Derrière les mots très techniques de Pékin, le sujet est beaucoup plus concret : des avatars et des interfaces commencent à occuper une place si intime qu’il faut désormais leur fixer une distance. Quand un service propose de parler comme un proche, de rassurer comme un partenaire ou de retenir un enfant plus longtemps, ce n’est plus seulement de l’animation. C’est une bataille sur le temps d’attention et la forme même de la présence à l’écran.

Un avatar qui vous parle, vous reconnaît, vous accompagne et ne vous lâche plus : le sujet paraît futuriste, mais la question posée par Pékin est très concrète. Selon Reuters, la Chine propose d’encadrer plus strictement les humains digitaux et de bloquer certains services jugés addictifs pour les mineurs.

Le texte mis en consultation par l’administration chinoise du cyberespace sur le site du CAC, et relayé aussi par Xinhua, interdit notamment de pousser des mineurs vers des relations virtuelles de type proche ou partenaire, vers la dépense excessive ou vers des usages qui nuisent à leur santé mentale. Ce n’est pas seulement une règle sur l’IA. C’est une règle sur la manière dont une interface peut s’installer dans une vie. — à lire aussi : Le solaire de balcon cesse d’être un gadget de forum : il devient enfin un vrai s….

Le vrai tournant, c’est quand l’avatar cesse d’être un gadget et commence à faire lien

Le texte officiel disponible sur le portail du régulateur va assez loin dans cette logique. Il impose un affichage visible du mot numérique humain, encadre l’usage de données personnelles pour créer un double crédible et interdit d’utiliser ces services pour contourner des systèmes d’identification. Dit autrement, le problème n’est plus l’effet waouh de l’avatar. Le problème est qu’il devient assez convaincant pour brouiller la frontière entre service, présence et manipulation.
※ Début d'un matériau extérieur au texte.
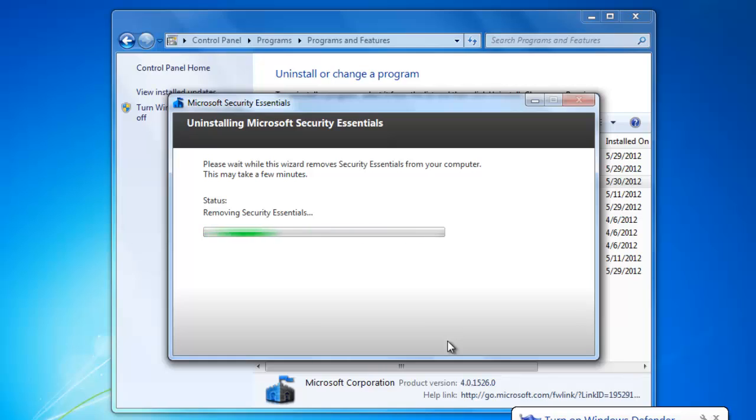Most programs will be pretty similar to uninstall from the computer. This concludes a look at how to install and uninstall software.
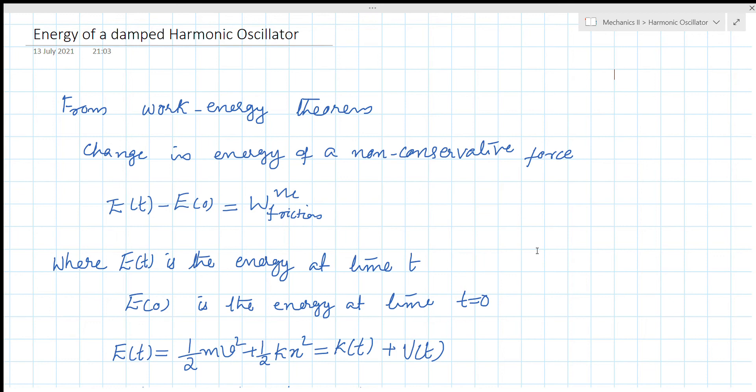Now we talk about the energy of a damped harmonic oscillator. This is different because the energy is decreasing with time. This is the system — you have dissipative forces acting on the motion.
Écran d’ordinateur montrant une interface d’avatar numérique.
Le service passe par une interface très concrète, pas par une abstraction. La scène montre déjà comment une présence simulée peut être produite à grande échelle.

Ce détail change la lecture du sujet. Pendant longtemps, on parlait surtout de deepfakes, de voix clonées ou d’animation avancée. Là, le débat monte d’un cran : quand un service parle comme quelqu’un, rassure comme quelqu’un et retient un enfant comme quelqu’un, ce n’est plus seulement une question d’image. C’est une question de prise émotionnelle et de temps capté.

Pourquoi ce dossier dit aussi quelque chose de plus large sur les écrans pour mineurs

La Chine avait déjà serré la vis sur les usages numériques des plus jeunes. Reuters en 2023 rappelait les projets de limitation du temps passé sur smartphone pour les mineurs. Cette nouvelle étape déplace le débat : il ne s’agit plus seulement de compter des minutes, mais de regarder la forme exacte de l’attachement que des services cherchent à fabriquer.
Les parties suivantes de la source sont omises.